About artbrain.org

Over the last 25 years (1996–2021), artbrain.org has developed alternative vocabularies and practices with which to rethink the fields that describe sensation, perception, and cognition. Founded in 1996, artbrain.org consists of the Journal of Neuroaesthetics and Chaoid Gallery and was established by Warren Neidich and Nathalie Anglès with an online launch in 1997. Starting with a lecture series in 1996 by Neidich on neuroaesthetics at the School of Visual Arts in New York City, artbrain.org has also catalyzed conferences and publications that have further contributed to the field.


Activist Neuroaesthetics

by Warren Neidich

Three categories of Neuroaesthetics currently at play consist of a positivist, idealist and activist classification. (Charles Wolfe)1

Positivist Neuroaesthetics utilizes scientific methods and neuroimaging to explain and locate the origins of artistic and cultural production to the cerebral modules of the material brain confined by the bony carapace of the skull. Aesthetics products like paintings, sculptures, poems and films are considered objects of considerable interest for study and the scientific method, rather then an artistic one, is considered the superior model with which to do this. This method emphasizes reductionist and deterministic methodology and does not take into account the history of the work of art in its social, political, economic or cultural becoming, seeing it instead as a crystallized non-changing form this is sensed and perceived by a cognitive apparatus that also is unchanging. It refutes the importance of emergence. Positivist neuroaesthetics is linked to positivist scientific inquiries and analytic philosophical epistemologies. As such it is linked to various debunked scientific histories such as phrenology, physiognomy and especially craniometry and biometry, which led to ideas of scientific racism. This was especially true for beliefs in the mental superiority of the white races that fueled the racist imaginary. Obviously an alternative method of inquiry is required.

Idealist Neuroaesthetics, adapting the ideas of continental philosophy especially those of Gilles Deleuze, understands that creating new circuits in art means creating them concomitantly in the material brain as well. According to this model artistic methods using materials, apparatuses and methodologies generated by artistic practice have the potential to produce an alternative regime of facts much different than that generated by the scientific method examining the same categories of sensible and situated experiences. Importantly, non-commercial and experimental art production is linked to the process of neuromodulation of the brains architecture occurring both at the global macroscopic and the local synaptic level of the brain, both of which are considered plastic, distributed and networked. What does this mean?

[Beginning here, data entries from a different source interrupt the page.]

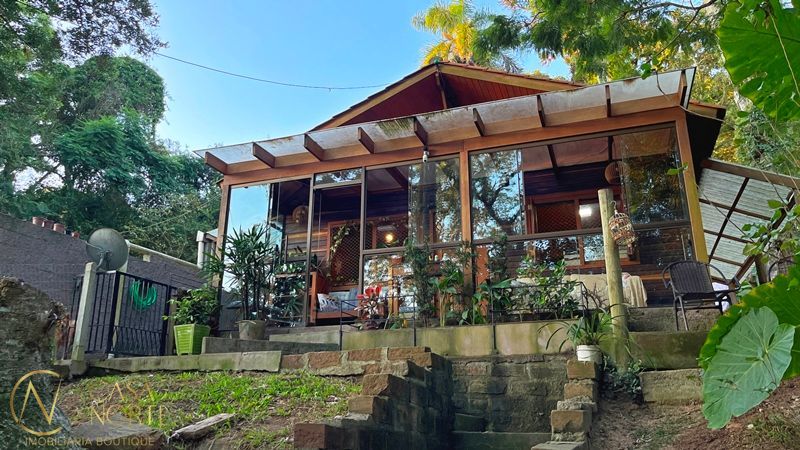 Casa à venda com 2 quartos, 140m², 2 suítes, 2 vagas, Avenida Beira Rio no bairro Belém Novo em Porto Alegre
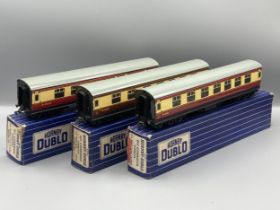 Seven Hornby Dublo 3-rail Coaches comprising pair of D13, D14 Brake with over sticker box, pair D12,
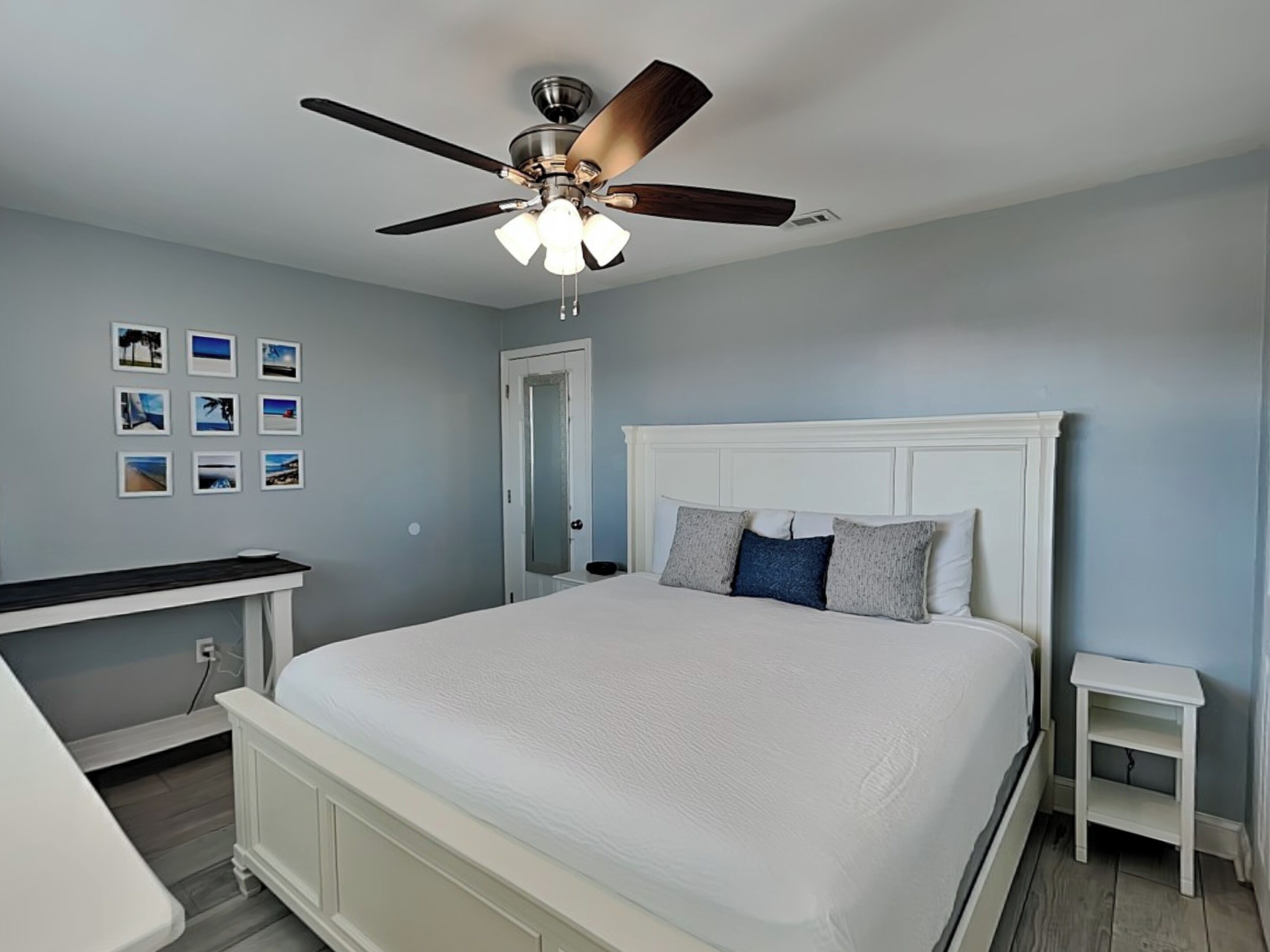 Une chambre à coucher comprenant un lit, un ventilateur de plafond, une table de chevet et une étagère fixée au mur.
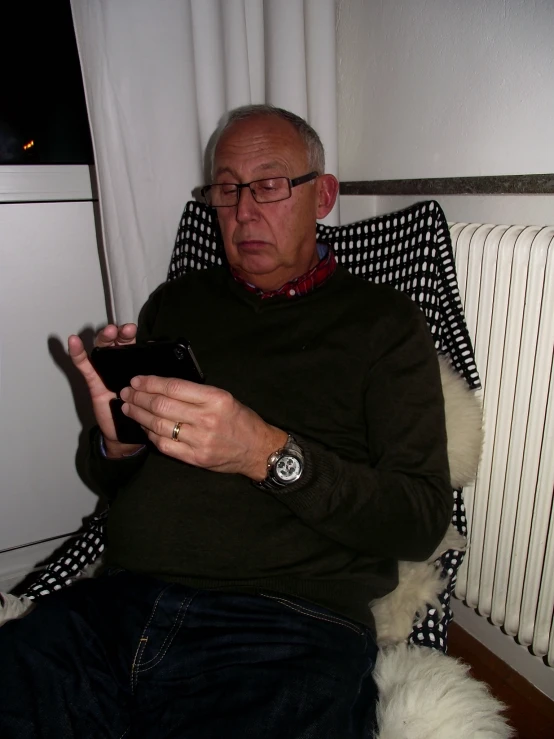 a man sitting in a chair using his phone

First of all the brain is not a crystallized modular entity and the brain can not be thought of an entity with discrete areas of function but rather must be understood in its distributed functionality, rather made up of local and global maps that all participate to varying degrees in any operation. Secondly the brain must be thought of as both intracranial and extra-cranial, with the situated body intervening and creating a platform. Also the brain must be understood in the context of deep history in which the influence of the microbial world or microsome of the gut contributes. The extra-cranial brain and its social brain have undergone tremendous changes as a result of the technological advances of the last fifty years as well as the more recent disruption of the Post-humanism and the Post-anthropocene.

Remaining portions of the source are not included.